Manfred Genditzki hat am Landgericht München 1 heute seinen Freispruch entgegengenommen - nachdem er zuvor mehr als 13 Jahre schuldlos im Gefängnis gesessen hatte. Dem heute 63-Jährigen war vorgeworfen worden, im Jahr 2008 eine 87-jährige Rentnerin aus Rottach-Egern nach einem Streit geschlagen und dann in ihrer Badewanne ertränkt zu haben.

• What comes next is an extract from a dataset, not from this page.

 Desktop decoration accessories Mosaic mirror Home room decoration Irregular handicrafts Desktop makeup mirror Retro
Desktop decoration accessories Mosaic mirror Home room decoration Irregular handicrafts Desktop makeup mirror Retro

Entschädigungssumme für Genditzki steht in der Kritik
Genditzki soll für den immateriellen Schaden eine Entschädigungssumme von rund 370.000 Euro erhalten - zu niedrig, finden Kritiker. Christian Solmecke, Anwalt für Internet- und Medienrecht, sagte im Interview mit dem Bayerischen Rundfunk, dass die Summe - gemessen an dem entstandenen emotionalen wie finanziellen Schaden - in jedem Fall zu gering sein werde: "Schlampereien der Justiz kann man nicht mit Geld aufwiegen." Entschädigungen seien wichtig, um das Vertrauen in die Justiz zu stärken und damit auch Fehler anzuerkennen.
Die Höhe der Entschädigung für immaterielle Schäden berechnet sich mit 75 Euro pro Tag in Haft. Bei Genditzki handelt es sich um insgesamt 13 Jahre und 6 Monate.
Angeklagter nahm das Urteil regungslos entgegen
BR-Korrespondent Moritz Steinbacher bestätigte live vor dem Landgericht München 1, dass der Angeklagte sein Urteil regungslos zur Kenntnis genommen habe. Seine Kinder hingegen hätten "schlotternd geweint", auch der BR-Reporter zeigte sich im Livestream sichtlich ergriffen.
Während der Urteilsverkündung habe die Richterin jedoch erwähnt, dass der Angeklagte mit aller emotionalen Kraft über viele Jahre hinweg für seinen Freispruch gekämpft habe. Zudem entschuldigte sie sich in einem persönlichen Wort für die ergangenen Fehlurteile.
Solmecke: Justizirrtümer bei bestimmten Gruppen häufiger
Gibt es eine bestimmte Personengruppe, die Justizirrtümer leichter treffen? "Bei Menschen, die kein Geld haben für eine optimale Verteidigung, kann es eher dazu kommen, dass sie fehlerhaft verurteilt werden", sagte Christian Solmecke im BR24-Livestream.
Wie im "Fall Peggy" zeige sich zudem, dass auch Menschen mit geistigen Einschränkungen leichter Justizirrtümern zum Opfer fielen. Hier war ein geistig behinderter Mann festgenommen und später schuldig gesprochen worden. Später wurde der Angeklagte freigesprochen, da es sich bei dem Urteil um einen Fehler gehandelt hatte.
Natürlich könnten Irrtümer letztlich jeden treffen, so wie im "Badewannen-Mord", in dem Genditzkis Verteidigerin seit über 10 Jahren erbittert um seinen Freispruch kämpfte. Und ganz verhindern könne man sie nie.
Verschiedene Gründe können zu Irrtümern führen
Welche Gründe es für die Entstehung von Justizirrtümern noch geben kann? "Oft gibt es falsche Geständnisse und oft hat die Justiz zu wenig Zeit", sagt Anwalt Solmecke. Ein Wiederaufnahmeverfahren wie im "Badewannen-Mord" komme nur unter strengen Regeln zustande. Und alle Beweise werden neu aufgerollt. Somit kann man davon ausgehen, dass das neue Urteil dann auch tatsächlich der Wahrheit entspricht.
Weder rechtliche Folgen noch Unterstützung für Richter
ARD-Rechtsexperte Kolja Schwartz erklärte im BR24-Livestream, dass Richterinnen und Richter nach einem Fehlurteil nicht belangt werden. "Der einzige Grund hierfür wäre, wenn dies vorsätzlich geschehen wäre."
Auch für Mitarbeiterinnen und Mitarbeiter der Justiz gibt es keine vorgeschriebene psychologische Unterstützung für den Fall, dass sie ein Fehlurteil sprechen. Darum müssten sich die Betroffenen selbst kümmern, erklärte Schwartz im Interview.
Viele Menschen zeigten sich erschüttert
Nicht zuletzt in den Kommentarspalten des Livestreams zeigten sich die Menschen betroffen und erbost über die Ungerechtigkeit von Justizirrtümern. "Dass die Öffentlichkeit so etwas erschüttert, kann ich sehr gut nachvollziehen", sagte Medien-Anwalt Christian Solmecke im BR24-Livestream. Das neue Urteil und Entschädigungssummen könnten zwar nichts wieder gut machen. Sie seien jedoch wichtig, damit das Vertrauen in die Justiz nicht gänzlich verloren gehe.